Ghana is seeking to borrow $400 million from cocoa traders to finance industry operations as it struggles to secure an annual loan from international banks amid a government debt restructuring.
The Ghana Cocoa Board, the industry regulator known as Cocobod, is tapping traders including Olam Group Ltd. and Barrry Callebaut AG to pre-finance seedlings, chemicals, fertilisers and purchases of beans from farmers in the 2023-24 season, according to people familiar with the talks.
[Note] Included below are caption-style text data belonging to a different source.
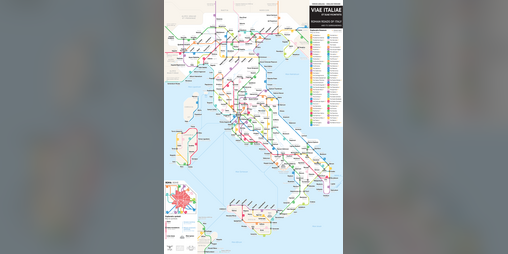 Cover image for Roman Roads of Italy
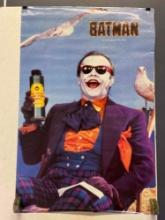 Vintage Joker Poster Sealed New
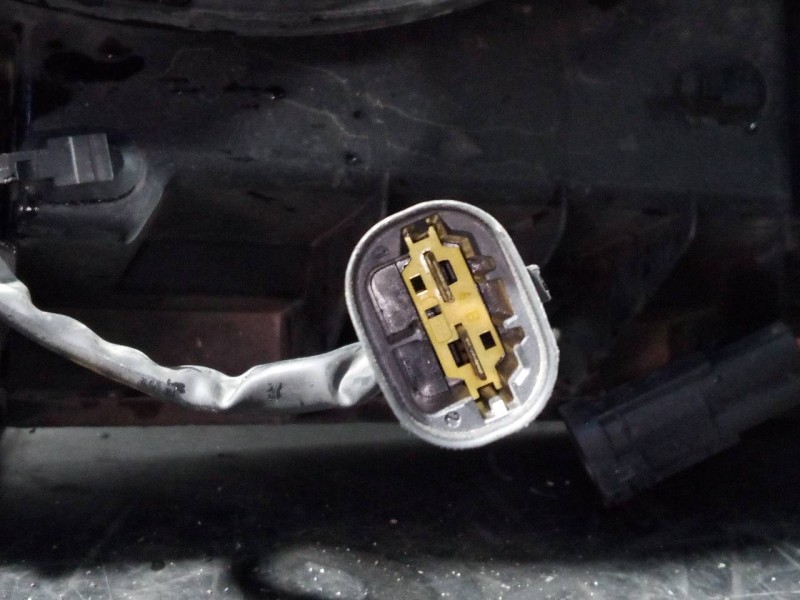 Recambio de electroventilador para citroën c8 2.0 hdi 160 exclusive referencia OEM IAM   P2-B9-4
The Cocobod has already raised about half of the target from the companies, said the people who asked not to be identified because they’re not authorised to speak publicly about the deals. The financing cost about 5%, while the remainder of the funds may be raised from the same firms or the parents of other foreign-licensed buying companies, the people said.
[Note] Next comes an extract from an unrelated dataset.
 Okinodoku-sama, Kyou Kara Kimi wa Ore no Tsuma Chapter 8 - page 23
Ghana is the world’s second-biggest cocoa grower and relies on funding from abroad to pay farmers for beans that are then exported. The central bank also relies on the foreign exchange as an important source of hard currency that is used to help stabilize the nation’s currency.
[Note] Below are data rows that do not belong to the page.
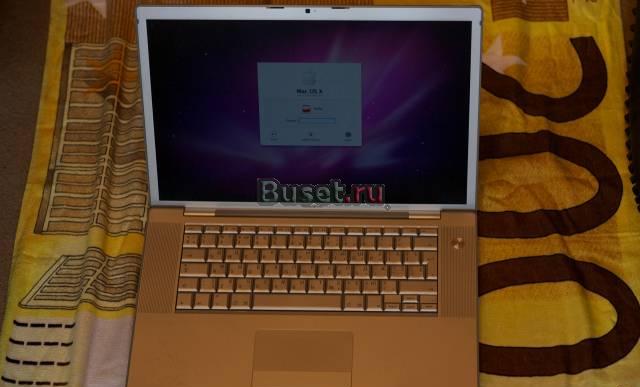 MacBookPro 15"4 Москва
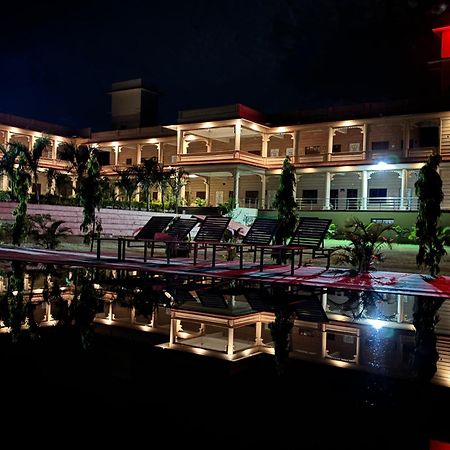 Jai Niwas Palace Resort Kumbhalgarh Dış mekan fotoğraf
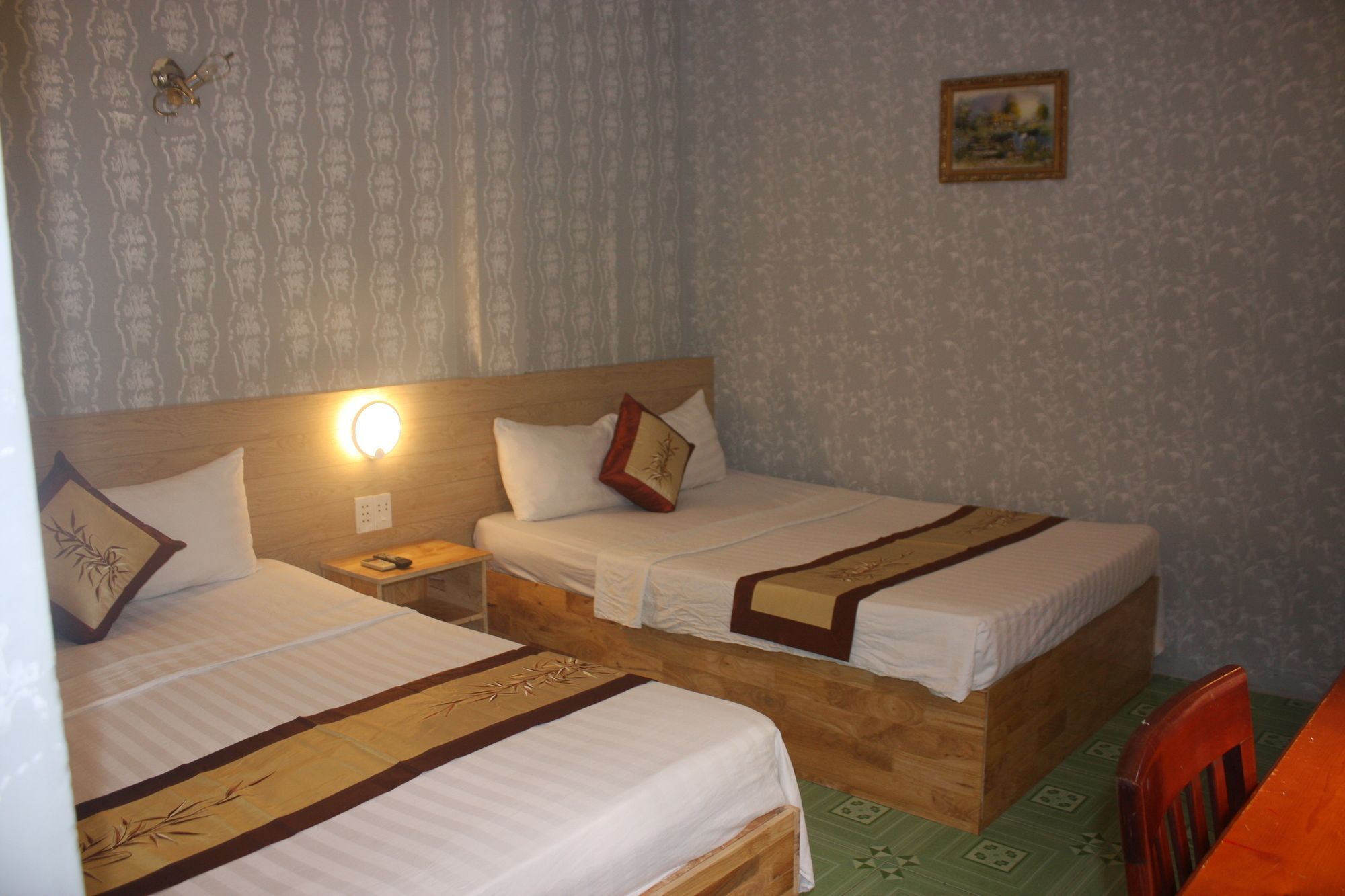 Koniko Hotel Ho Chi Minh City Exterior photo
Cocobod spokesman Fiifi Boafo didn’t answer calls or text messages seeking comment. Tanko Bagbara, a spokesman for Ghana’s Agriculture Ministry, which has oversight responsibility for the board, declined to comment when contacted by Bloomberg. Olam and Barry Callebaut also declined to comment.
The Cocobod, which has previously obtained loans from investors at better rates than the government, would normally conduct an investor roadshow between June and July each year and sign the syndicated facility in September before the new harvest begins in October. This year, the talks have been complicated by the West African nation’s debt restructuring that was needed to unlock a $3 billion government bailout from the International Monetary Fund.
The Cocobod itself had to revamp 7.7 billion cedis ($646 million) of its cocoa bills as part of the debt overhaul, sullying its investor appeal. The regulator typically lends the money it raises to local licensed buying companies, or LBCs, to buy the beans from farmers on its behalf.
The board had planned to raise $1.2 billion of syndicated loans in the season that began last month, compared with $1.1 billion last year. It’s still in talks with lenders about the $800 million it’ll need once the funding has been secured from the companies.
Ghana is forecast to produce 850,000 tons of cocoa this season, up from a 13-year low of 683,000 tons in the period that ended in September, the people said. Still, worries about tight global supply have boosted futures, with the most-active New York cocoa contract nearing a 45-year high on Monday.
Because of the lack of funding, no local LBC is able to buy the chocolate ingredient from farmers and the Cocobod has agreed with the foreign buyers to use their own money to purchase the beans from the growers for repayment later, the people said.
Most of the domestic LBCs have closed shop because they depend on funding from the regulator to operate, they said. Growers have to bear the extra cost of transporting their beans over long distances to find the centers of the few foreign buyers.